> Record excerpts
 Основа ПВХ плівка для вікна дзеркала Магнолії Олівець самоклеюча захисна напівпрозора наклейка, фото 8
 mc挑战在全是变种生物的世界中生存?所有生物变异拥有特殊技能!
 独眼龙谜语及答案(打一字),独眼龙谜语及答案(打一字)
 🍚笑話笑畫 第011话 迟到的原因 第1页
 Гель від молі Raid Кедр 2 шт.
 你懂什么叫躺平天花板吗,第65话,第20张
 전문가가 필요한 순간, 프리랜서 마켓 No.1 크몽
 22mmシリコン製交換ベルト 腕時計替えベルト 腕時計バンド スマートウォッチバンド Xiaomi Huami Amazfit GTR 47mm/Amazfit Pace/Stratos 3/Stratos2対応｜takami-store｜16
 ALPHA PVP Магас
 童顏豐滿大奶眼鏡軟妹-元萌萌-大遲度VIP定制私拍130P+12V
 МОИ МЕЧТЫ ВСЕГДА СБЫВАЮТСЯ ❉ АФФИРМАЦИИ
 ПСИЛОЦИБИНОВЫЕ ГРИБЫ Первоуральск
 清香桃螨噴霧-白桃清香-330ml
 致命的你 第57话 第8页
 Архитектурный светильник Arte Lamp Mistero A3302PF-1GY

> What to do
After locating the line containing "第011话 迟到的原因 第1页", write out that line and all remaining lines of the records exactly, with nothing added.

> Answer to this task
 🍚笑話笑畫 第011话 迟到的原因 第1页
 Гель від молі Raid Кедр 2 шт.
 你懂什么叫躺平天花板吗,第65话,第20张
 전문가가 필요한 순간, 프리랜서 마켓 No.1 크몽
 22mmシリコン製交換ベルト 腕時計替えベルト 腕時計バンド スマートウォッチバンド Xiaomi Huami Amazfit GTR 47mm/Amazfit Pace/Stratos 3/Stratos2対応｜takami-store｜16
 ALPHA PVP Магас
 童顏豐滿大奶眼鏡軟妹-元萌萌-大遲度VIP定制私拍130P+12V
 МОИ МЕЧТЫ ВСЕГДА СБЫВАЮТСЯ ❉ АФФИРМАЦИИ
 ПСИЛОЦИБИНОВЫЕ ГРИБЫ Первоуральск
 清香桃螨噴霧-白桃清香-330ml
 致命的你 第57话 第8页
 Архитектурный светильник Arte Lamp Mistero A3302PF-1GY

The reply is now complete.